Both games are built around a consistently communicated set of rules for portal placement, one of such being that portals cannot be moved with panels. This becomes intuitively clear over the course of the games, but they choose to break this rule here specifically for the sake of spectacle. You must place portals on a moving panel to cut the tubes. This solution would be terribly unclear in the context of portal 1, given the abundance of surfaces and how this rule is demonstrated during the momentum "tutorial". Yet, for portal 2 most people get the solution without second thought. The lack of depth means consistency and clarity are no longer necessary for a solution, and this heavily hinders the level design. Difficult puzzles built around portal 2's mechanics are often deemed impossible simply because the boundaries are never pushed throughout the singleplayer campaign and, while silent rules exist and are well understood, they are never capitalized upon to make engaging puzzles. Every room is filled with clutter, and nothing gets the time to expand.
I think Mike Daas' videos on "hidden" portal mechanics (closed portals, cube respawns, etc.) are incredibly interesting for these reasons.
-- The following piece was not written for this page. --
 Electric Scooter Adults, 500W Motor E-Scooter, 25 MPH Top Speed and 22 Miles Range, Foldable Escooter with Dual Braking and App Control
There's a lot of potential that goes unexplored in portal 2, and while almost every unseen rule is intuitively understood it becomes difficult to utilize because portal 2 avoids mechanical depth like the plague.
6:40 I think the reason why Glados is less monotone in 2 is because the explosion from the ending of portal 1 as well as her rebooting herself actually woke up Caroline in her, so shes got more humanity
a bit late for the party but her voice becomes less computerized when you destroy morality core
I think the topic of how restrictive the gameplay became Portal 2 didn't receive enough thought among those making most community projects for the game. Everyone just kind of fell in line with what Valve did (because Valve can do almost no wrong and are the gold standard) and as a result the fan made experiences also have far less replay value than those for the first game.
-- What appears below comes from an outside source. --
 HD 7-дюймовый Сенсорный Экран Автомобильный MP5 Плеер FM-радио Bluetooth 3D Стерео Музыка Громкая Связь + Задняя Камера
This again comes down to how (as noted) there is practically no mechanical difficulty, or difficulty of almost any kind involved in Portal 2 (save for the last 3 puzzle chambers). You have to go out of your wait to try and die in this game and most of its mods. It indeed is not an understatement to say Portal 2 feels like a giant theme park you're riding through safe and sound.
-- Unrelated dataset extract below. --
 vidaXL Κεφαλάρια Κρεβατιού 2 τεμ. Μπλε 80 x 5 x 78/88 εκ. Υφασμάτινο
Ironically enough, the game has been boiled down almost exclusively to its test chambers linear logic puzzles. And the whole campaign on top of that is essentially just one big tutorial for all of the new testing elements they introduced (all of which tend to more outlandish than their predecessors as cool as some can be), which now serve as the core gameplay features. The Portals are ironically no longer the main gameplay features as they were before. Their use is not explored in any other way in the second game. For example, movement puzzles or environmental parkour not unlike those in Mirror's Edge but with the use of Portals would have in my opinion been a logical evolution of Portal's gameplay. And that's not even discussing the possibility of introducing combat mechanics and more advanced player interactions in conjunction with more advanced movement mechanics and portals.
It is a damn shame how dogmatically restricted in its possibilities Portal as a game series became afterwards in the second game looking at most community mods and maps and the base game in many areas because it has just about everything else going for it.
No... no I was not laughing at Wheatley... he was... cringe
I love it’s simplicity and story-
I find the gameplay more fun and how it follows a track instead of dipping back into testing and back out again, like portal 2, despite portal 2’s continuous puzzles throughout the game.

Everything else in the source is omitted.